Noll radicalizou suspensão de marcas temporais e geográficas

por Manoel da Costa Pinto

João Gilberto Noll é um dos últimos representantes daquilo que o crítico Alfredo Bosi definiu (num momento anterior ao surgimento do escritor gaúcho) como literatura de “sondagem psicológica” -especialmente Lúcio Cardoso e Clarice Lispector.

Com o primeiro, Noll partilha a temática homoerótica e da inadequação social, o universo sombrio e uma temporalidade estática que resvala nos limites do fantástico. Com a autora de “A Paixão Segundo GH”, a crispação interior das personagens, projetada num fluxo de escrita que a todo tempo se interroga.

Mas essas são apenas aproximações que servem para situar Noll na esteira de um processo em que a literatura brasileira ultrapassou temas sociais e identitários (dominantes desde o modernismo até o regionalismo), voltando-se para a experiência do homem lançado na solidão da cidade -com a metrópole, como espaço ficcional, simbolizando também o desenraizamento em relação a laços arcaicos, determinações culturais e históricas.

Nada disso -identidade cultural, vida urbana, história- está ausente da prosa de Noll, mas são temas que surgem num turbilhão perceptivo, fenomenológico, em que suas personagens cancelam a fronteira entre interioridade e exterioridade.

“Sou alguém que se desloca para me manter fixo?”, pergunta-se o narrador de “Berkeley em Bellagio” (2002), um escritor que transita entre a universidade norte-americana e a fundação italiana e que só consegue mitigar seu “alheamento convulso” pelo sexo, esses breves momentos epifânicos de preenchimento de uma falta essencial.

O corpo é a pátria dos protagonistas -quase sempre anônimos e quase sempre em fuga, de identidade instável e sexualidade polimorfa- dos romances e contos de Noll. Os acontecimentos históricos aparecem neles como panoramas de devastação, correlato objetivo de uma subjetividade massacrada.

É assim com o campo de refugiados que o protagonista de “Berkeley em Bellagio” reencontra no seu retorno a Porto Alegre, cujo ruinoso subúrbio é percorrido pelo narrador de “O Quieto Animal da Esquina” (1991). Ou, ainda, na guerra em país indefinido que a personagem de “A Céu Aberto” (1996) atravessa para resgatar o irmão.

João Gilberto Noll foi radicalizando essa suspensão de marcas temporais e geográficas, não como negação do concreto, mas como reação insubordinada do ser às apropriações pelo olhar do outro, pelo desejo do outro, pelos cárceres sociais e pelas prescrições da linguagem.
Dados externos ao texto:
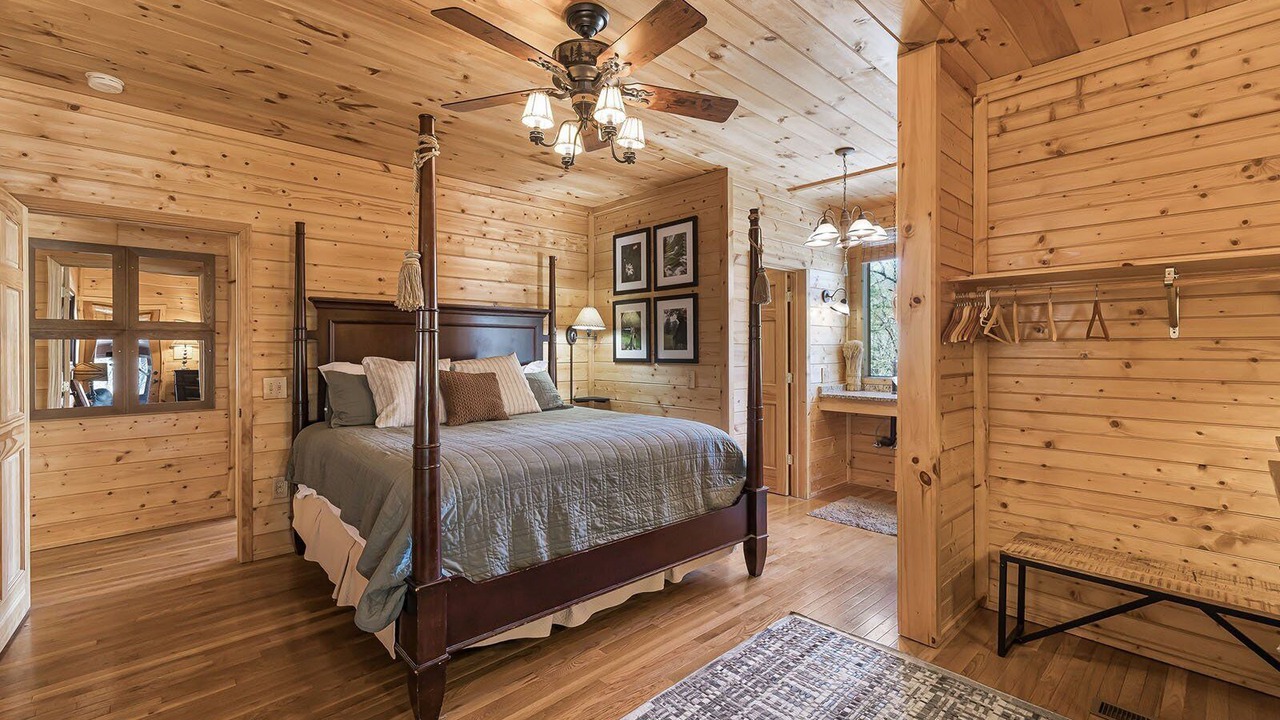 Photo of Bedroom in Bryson City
Em “Acenos e Afagos” (2008), plasma sua prosa de andamento torturado, litúrgica, num único parágrafo de 200 páginas, descrevendo a metamorfose de uma personagem que não apenas transita de um corpo masculino para um corpo de mulher, mas que expande sua “epopeia libidinal” para o inanimado e o reino animal.

Sem jamais cair no discurso de gênero panfletário ou militante, Noll fez da homossexualidade o interpretante de um sentimento de exílio, ao qual não falta um senso de humor nervoso, que ele soube levar com delicadeza aos livros para público juvenil que publicou nos últimos anos, como “Sou Eu!”, “O Nervo da Noite” e “Anjo das Ondas”.